She did not smile. From then on his mouth tended to say things without his
brain's actual permission. Not that it mattered - she never really listened,
just agreed. And soon she was outside, sitting on the trunk of his car, haunched
over, so caught up in thought it did not seem to matter where she sat or when,
or with whom.
She said nothing in the car just stared out of the window. But he sensed the
resistance in her dwindling. A certain release to let things happen. The scents
were a blazing mess in her, though, and she must have phased through every radio
frequency in the state and more before they got back.
The engine dies with a rumble. Her belt buckle darts away like a serpent's
tongue as she turns to face him. Never seen that expression on her face before,
like she was seeing him for the first time. For once he doesn't try speaking.
Only lets her lean across and kiss him. It's warm and wonderful, and kind of
censored. Leans back again, her eyes searching, searching for something. He
touches her hand - she doesn't shrink back, the bubble bursts. The air around
them stills, and in and around her he senses another change. The gravity in him
shifts again.
They walk to the hotel together, hand in hand.
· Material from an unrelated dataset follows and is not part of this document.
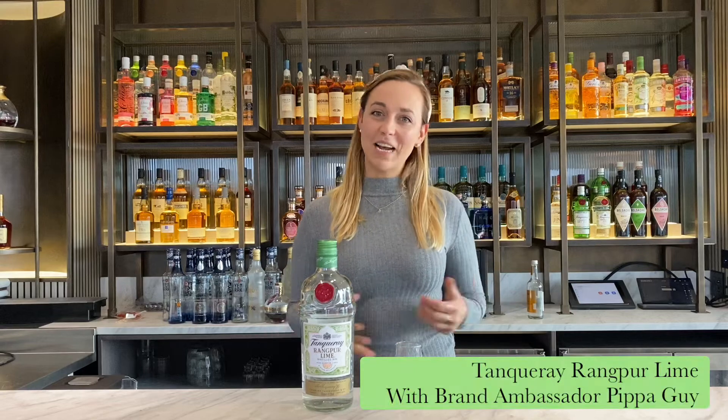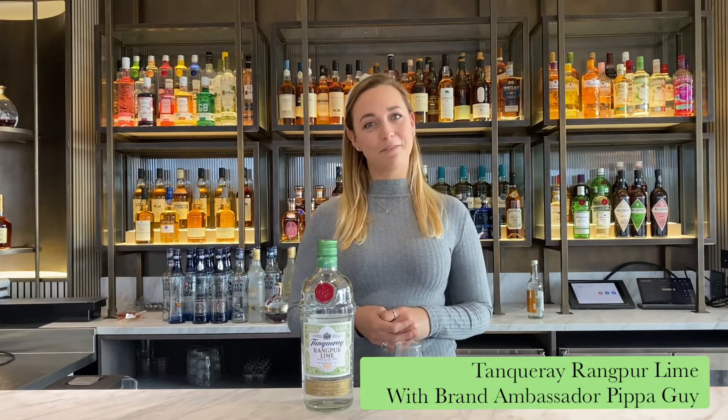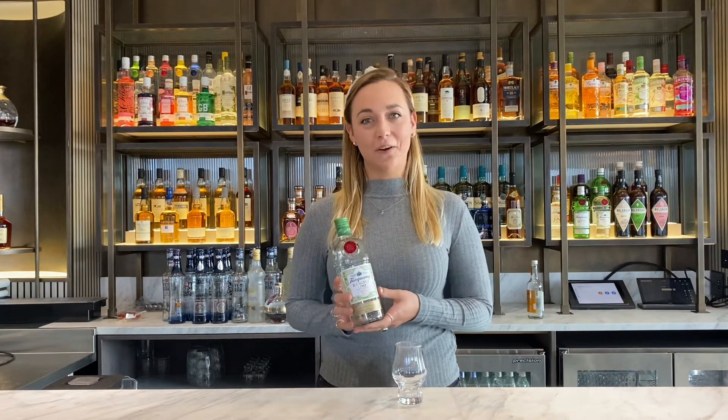Hi, my name is Pippa Guy. I'm the UK Brand Ambassador for Tanqueray Gin, and today we're going to have a little taste of Tanqueray Rangpur Lime.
She hesitates for a moment on the
way there.
"Angel?"
Absently he's stroking her hair, she doesn't seem to mind.
"Hmm?"
"You think we're gonna look back on this and laugh?"
"You actually...want to...look back on it."
"And you don't?"
"Well I...laugh wouldn't be what...I'd be doing."
"Guess not. But if, by any means this thing goes wrong-"
"And it won't."
"But if it does...and I die..."
"Don't say that."
"I *will* come back and haunt your brooding ass!"
"And I will never let it come to that."
"You mean over your dead body, right?"
He let the flippancy of that lie. Until it occurred to him.
"Are you...scared?"
Quickly and quietly, somehow smaller than she should be: "You betcha."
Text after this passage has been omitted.